You just won the lotto, don’t be cheap. You need a team to set you up. You are in the big leagues now, so having all 4 of the above in the same meeting to work together is key.
And don’t feel like you need to go with the first person that comes up in a google search. You are the prize here.
Interview them.
Make sure you vibe.
Make sure they will tell you no. What is the point of a team if they agree with everything you say, including investing heavy in that fanfic of the team up of big haired 90s cartoon ladies
Wait
This is probably the hardest part, but wait. Like don’t do anything.
You have a plan from talking to the professionals. You have ample proof you won and have the winning ticket. Unless you bought your ticket in one of the 6 states that allow you to claim it anon, put it in a safe for a while. You don’t want to claim it while the media is in a frenzy. Wait.
Trying to claim it once the hype dies down isn’t the only reason to wait.
Your in shock. You went from low to modestly wealthy to elite over night. You are prime to make dumb decisions. Let it sink in for a few days.
People know you. If you walk in and take a huge steaming shit on your bosses desk, open mouth kiss Vanessa that cute girl in HR, and flip everyone off while kicking over garbage cans the morning after a big lotto is won…people will put 2 and 2 together. Carry on with life (or if you really hate your job take pto, but honestly show up and scroll your phone for 8 hrs.)
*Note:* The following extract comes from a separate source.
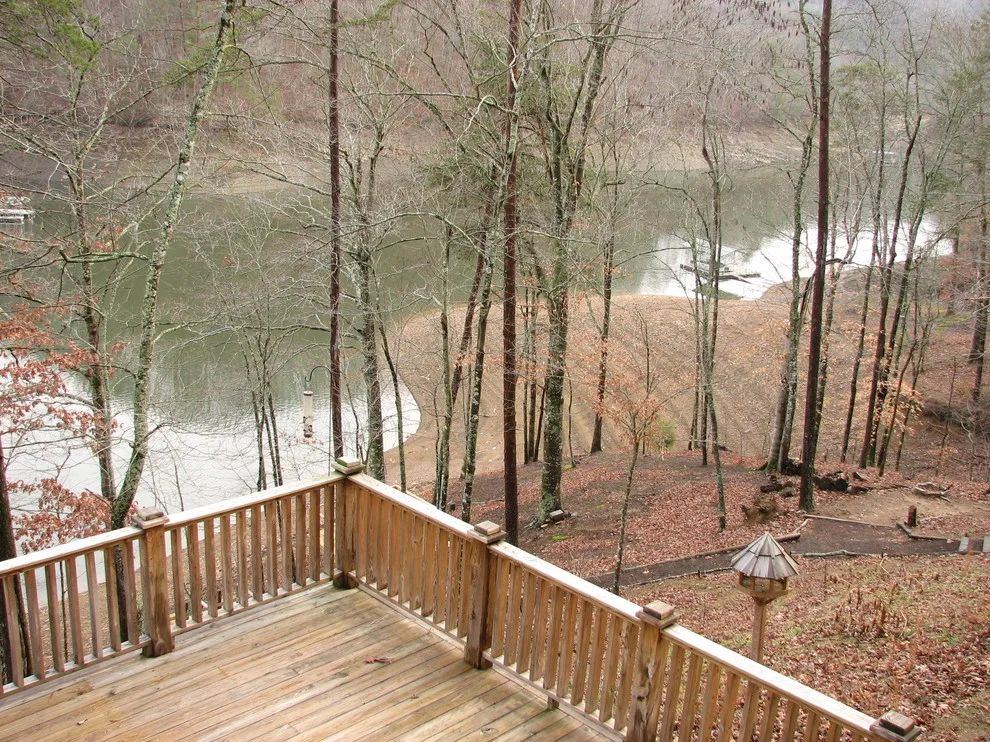 Patios and Decks by Letterman & Sons - Photo 25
Really cement your post claiming plans so you don’t screw it up.
What Protective Steps Can You Take While You Wait?
While you are waiting, you shouldn’t be doing nothing. What pre-emptive moves can you make to protect yourself?
Many towns have home ownership publicly available. Most people don’t set up an LLC to buy their personal home. Can you do anything to make it harder to find you?
Same with your phone number.
While you have professionals see what you can do to insulate yourself from people trying to find you. Hire a personal security guy to advise you if you have to.
When your name goes public, people are going to try to find you with their hands out or worse, to rob you.
Saying NO is going to be your go to for a while. But most of us are good people, and if 100s of people can access you with their hands out and sob stories. The harder it is to locate you the better.
We are security experts, so probably a lot of stuff we are missing here. But the point is, find out what you can do to protect yourself from beggars, robbers, and grifters.
Claiming Your Prize
Ok. Time to claim your prize. But first, what are the rules in your state for claiming the prize?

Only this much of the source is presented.